GliderJan Varho

Merging Persistence Changes in Ubuntu Live USB

  • aufs
  • filesystem
  • live
  • LZMA
  • persistence
  • Ubuntu
  • USB

When using Ubuntu Live USB there is the option of using persistence to store changes on the USB. It uses aufs to layer a read-write filesystem on top of a read-only squashfs compressed filesystem. This is great, because it fits over 2GB worth stuff into a c. 700MB default live system and still allows changes to be stored.

The bad news is that updates quickly eat the rw space because old versions of applications cannot be removed to free space. Also, removing useless applications (like OO.o/LO in my case) doesn't free space, but can actually consume it.

Here's the process I used to merge changes back to the ro filesystem, in order to hopefully claim back some space. This is based on information on the Live CD Customization page in Ubuntu community documentation and various man pages.

Lets assume we have a directory on the hard drive where we've copied the casper/filesystem.squashfs file on the USB as fs.ro and the casper-rw file as fs.rw. First we mount the aufs by layering these:

mkdir -p tmp-ro tmp-rw tmp-aufs sudo mount -o loop fs.ro tmp-ro/ sudo mount -o loop fs.rw tmp-rw/ sudo mount -t aufs -o br:tmp-rw:tmp-ro none tmp-aufs/

Now tmp-ro shows the squshfs, tmp-rw shows the changes stored in caster-rw and tmp-aufs shows the layered filesystem as the live OS would see it.

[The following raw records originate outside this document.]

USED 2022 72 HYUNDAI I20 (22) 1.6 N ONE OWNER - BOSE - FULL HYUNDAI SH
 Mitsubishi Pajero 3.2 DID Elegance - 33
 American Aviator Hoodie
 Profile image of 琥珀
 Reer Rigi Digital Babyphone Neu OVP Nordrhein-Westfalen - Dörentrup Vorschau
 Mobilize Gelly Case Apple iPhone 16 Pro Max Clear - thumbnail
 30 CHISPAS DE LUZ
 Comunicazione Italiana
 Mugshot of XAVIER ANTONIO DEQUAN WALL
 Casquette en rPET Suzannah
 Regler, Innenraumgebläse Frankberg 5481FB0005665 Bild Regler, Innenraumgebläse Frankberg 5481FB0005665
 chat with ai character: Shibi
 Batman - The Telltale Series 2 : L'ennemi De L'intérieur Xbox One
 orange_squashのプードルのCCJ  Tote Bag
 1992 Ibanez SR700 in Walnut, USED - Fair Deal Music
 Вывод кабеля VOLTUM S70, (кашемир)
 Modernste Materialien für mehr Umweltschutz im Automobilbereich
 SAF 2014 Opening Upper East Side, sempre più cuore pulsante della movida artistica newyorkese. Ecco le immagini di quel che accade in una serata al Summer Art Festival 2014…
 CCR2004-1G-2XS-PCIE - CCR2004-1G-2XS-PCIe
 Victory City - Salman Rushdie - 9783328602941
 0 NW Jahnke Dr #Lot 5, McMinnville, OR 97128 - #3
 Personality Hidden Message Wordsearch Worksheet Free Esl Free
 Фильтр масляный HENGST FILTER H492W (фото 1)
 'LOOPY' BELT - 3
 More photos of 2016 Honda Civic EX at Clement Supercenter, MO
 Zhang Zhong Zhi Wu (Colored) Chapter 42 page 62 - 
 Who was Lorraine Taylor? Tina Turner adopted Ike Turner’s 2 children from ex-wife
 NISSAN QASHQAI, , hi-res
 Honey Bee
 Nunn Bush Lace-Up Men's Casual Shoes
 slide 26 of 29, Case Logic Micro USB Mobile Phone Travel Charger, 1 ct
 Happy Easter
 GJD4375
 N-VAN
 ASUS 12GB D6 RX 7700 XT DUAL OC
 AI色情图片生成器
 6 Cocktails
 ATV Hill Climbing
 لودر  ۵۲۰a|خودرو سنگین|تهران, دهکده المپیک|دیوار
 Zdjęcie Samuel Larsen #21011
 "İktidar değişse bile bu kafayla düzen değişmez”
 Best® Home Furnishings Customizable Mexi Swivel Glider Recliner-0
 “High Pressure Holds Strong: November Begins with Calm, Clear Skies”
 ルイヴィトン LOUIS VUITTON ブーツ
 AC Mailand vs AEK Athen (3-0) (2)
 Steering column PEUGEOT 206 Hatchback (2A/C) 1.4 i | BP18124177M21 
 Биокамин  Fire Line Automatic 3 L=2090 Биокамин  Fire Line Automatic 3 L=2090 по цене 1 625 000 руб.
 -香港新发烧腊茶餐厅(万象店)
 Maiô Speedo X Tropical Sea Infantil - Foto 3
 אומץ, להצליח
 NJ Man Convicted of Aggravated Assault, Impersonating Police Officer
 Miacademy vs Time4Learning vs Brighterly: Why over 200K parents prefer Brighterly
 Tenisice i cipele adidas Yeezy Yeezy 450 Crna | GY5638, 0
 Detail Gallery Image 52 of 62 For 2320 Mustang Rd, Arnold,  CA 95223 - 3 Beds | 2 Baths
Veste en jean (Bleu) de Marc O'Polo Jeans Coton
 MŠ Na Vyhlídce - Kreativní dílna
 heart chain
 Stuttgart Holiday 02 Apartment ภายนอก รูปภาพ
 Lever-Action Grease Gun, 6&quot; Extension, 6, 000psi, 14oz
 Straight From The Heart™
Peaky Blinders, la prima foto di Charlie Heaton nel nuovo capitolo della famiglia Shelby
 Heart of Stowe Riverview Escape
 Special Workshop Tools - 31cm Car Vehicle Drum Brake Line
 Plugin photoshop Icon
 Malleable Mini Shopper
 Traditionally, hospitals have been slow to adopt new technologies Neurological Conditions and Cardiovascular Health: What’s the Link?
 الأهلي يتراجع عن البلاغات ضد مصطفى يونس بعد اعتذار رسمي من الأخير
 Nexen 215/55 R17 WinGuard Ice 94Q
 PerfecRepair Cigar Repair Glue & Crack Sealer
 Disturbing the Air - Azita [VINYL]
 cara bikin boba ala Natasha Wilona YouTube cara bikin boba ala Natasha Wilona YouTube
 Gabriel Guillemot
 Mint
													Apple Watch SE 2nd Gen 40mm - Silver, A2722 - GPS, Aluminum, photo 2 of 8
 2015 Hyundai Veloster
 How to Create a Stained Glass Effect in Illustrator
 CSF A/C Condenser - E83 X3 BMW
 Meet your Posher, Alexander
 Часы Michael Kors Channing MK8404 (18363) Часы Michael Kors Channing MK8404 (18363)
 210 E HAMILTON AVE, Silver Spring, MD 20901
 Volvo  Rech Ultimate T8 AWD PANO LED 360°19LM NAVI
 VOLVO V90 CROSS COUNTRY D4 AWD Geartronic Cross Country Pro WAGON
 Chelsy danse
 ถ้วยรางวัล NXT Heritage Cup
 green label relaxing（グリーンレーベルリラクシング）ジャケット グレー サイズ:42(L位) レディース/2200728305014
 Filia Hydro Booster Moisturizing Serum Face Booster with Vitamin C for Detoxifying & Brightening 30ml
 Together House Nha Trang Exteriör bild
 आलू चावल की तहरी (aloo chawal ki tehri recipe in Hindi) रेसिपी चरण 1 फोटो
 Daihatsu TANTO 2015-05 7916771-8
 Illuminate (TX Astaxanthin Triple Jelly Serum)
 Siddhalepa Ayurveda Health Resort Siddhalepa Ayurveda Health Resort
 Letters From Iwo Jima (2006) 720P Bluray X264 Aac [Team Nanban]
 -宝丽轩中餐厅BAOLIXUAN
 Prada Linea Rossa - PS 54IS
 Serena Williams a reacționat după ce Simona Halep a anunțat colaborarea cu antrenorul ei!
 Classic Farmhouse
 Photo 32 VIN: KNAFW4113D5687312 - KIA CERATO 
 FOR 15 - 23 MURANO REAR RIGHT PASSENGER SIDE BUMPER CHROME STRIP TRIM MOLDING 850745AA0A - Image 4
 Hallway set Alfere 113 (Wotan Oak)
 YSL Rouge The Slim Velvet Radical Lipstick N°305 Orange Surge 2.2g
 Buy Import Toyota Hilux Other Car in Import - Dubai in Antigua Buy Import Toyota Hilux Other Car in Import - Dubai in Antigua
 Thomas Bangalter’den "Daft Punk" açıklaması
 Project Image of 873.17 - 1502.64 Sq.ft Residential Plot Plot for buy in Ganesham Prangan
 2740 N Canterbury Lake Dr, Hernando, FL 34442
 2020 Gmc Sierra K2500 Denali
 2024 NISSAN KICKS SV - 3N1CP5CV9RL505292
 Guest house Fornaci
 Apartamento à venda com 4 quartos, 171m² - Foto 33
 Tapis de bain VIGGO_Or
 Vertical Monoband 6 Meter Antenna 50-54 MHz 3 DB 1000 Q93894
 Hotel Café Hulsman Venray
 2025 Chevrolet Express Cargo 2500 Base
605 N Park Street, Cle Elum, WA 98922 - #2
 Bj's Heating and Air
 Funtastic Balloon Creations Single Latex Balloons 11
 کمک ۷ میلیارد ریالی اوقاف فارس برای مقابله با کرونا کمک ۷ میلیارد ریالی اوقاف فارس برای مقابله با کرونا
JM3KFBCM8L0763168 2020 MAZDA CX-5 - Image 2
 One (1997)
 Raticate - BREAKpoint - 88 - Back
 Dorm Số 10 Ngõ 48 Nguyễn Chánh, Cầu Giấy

Next we can generate the new squashfs using mksquashfs (from squashfs-tools):

sudo mksquashfs tmp-aufs/ filesystem.squashfs

Unfortunately, the mksquashfs from natty doesn't seem to support lzma, so it's gzip compression only

We can also generate new manifests based on the packages installed. I suppose this only matters if you mean to use the USB for installing to a HDD, but I did it anyway:

sudo chroot tmp-aufs/ dpkg-query -W --showformat='${Package} ${Version}\n' \ > filesystem.manifest cp filesystem.manifest filesystem.manifest-desktop sed -i -e '/ubiquity/d' -e '/casper/d' filesystem.manifest-desktop

Now we don't need the original filesystems anymore:

sudo umount tmp-aufs/ sudo umount tmp-rw/ sudo umount tmp-ro/ rm -rf tmp-rw tmp-aufs

Instead we temporarily mount the new squashfs to get the filesystem size:

sudo mount -o loop filesystem.squashfs tmp-ro/ printf $(sudo du -sx --block-size=1 tmp-ro | cut -f1) > filesystem.size sudo umount tmp-ro/ rmdir tmp-ro

Finally, we can make a new casper-rw of whatever size we need (I used 1GB):

dd if=/dev/zero of=casper-rw bs=1M count=1000 mkfs.ext3 -F casper-rw

Now the resulting files can be copied to the USB (back-up the old ones first!) and all should work. This procedure can also be used to easily customize USB installations from within the live environment.